Start of AVAILABLE DATA

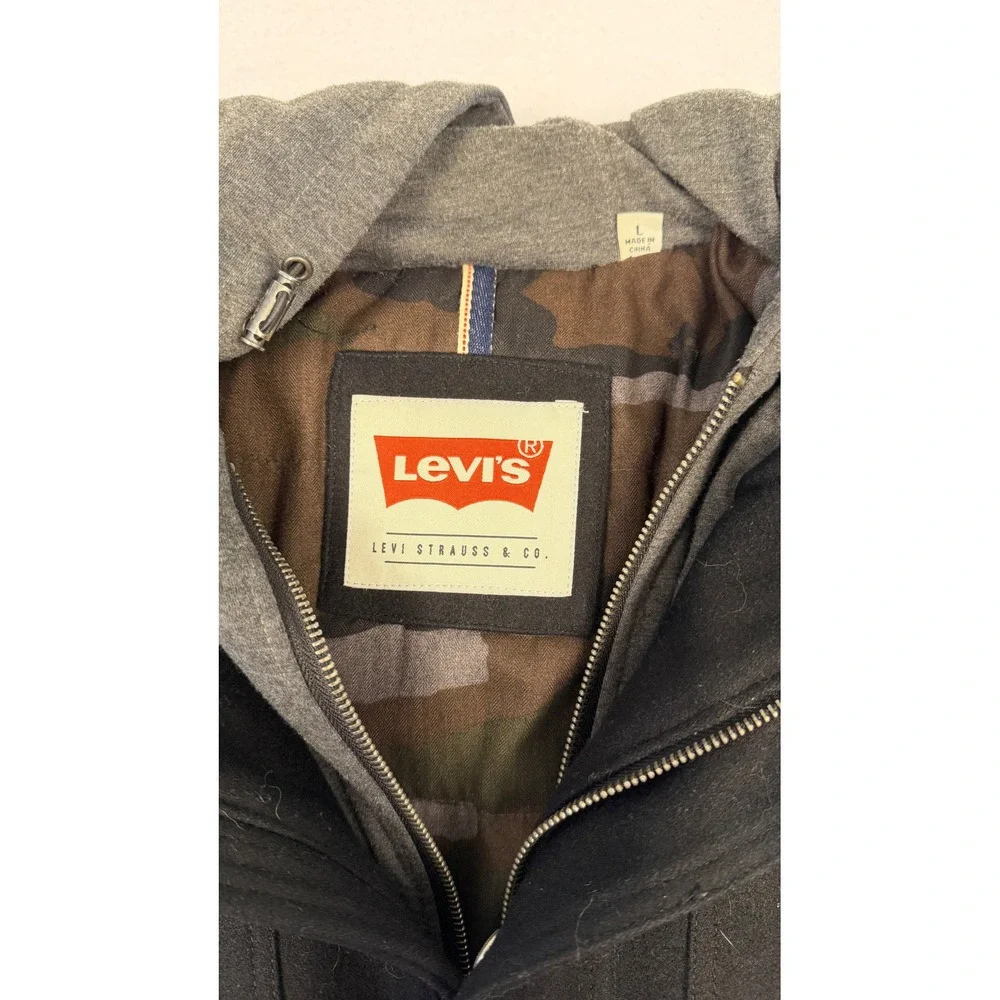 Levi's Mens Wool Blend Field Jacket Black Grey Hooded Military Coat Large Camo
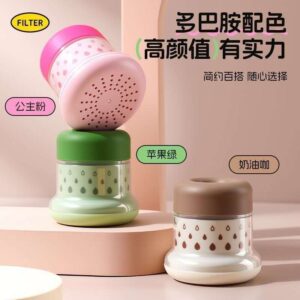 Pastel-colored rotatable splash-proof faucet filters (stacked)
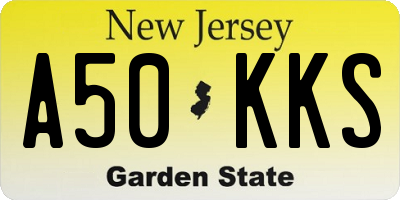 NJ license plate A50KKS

End of AVAILABLE DATA

WHAT YOU WILL DO :: From the line that holds "Pastel-colored rotatable splash-proof" down to the last line of the material above, every line is to be copied exactly, both ends included; pictures are to be omitted.

SOLUTION FOR THIS PROBLEM ::
 Pastel-colored rotatable splash-proof faucet filters (stacked)
 NJ license plate A50KKS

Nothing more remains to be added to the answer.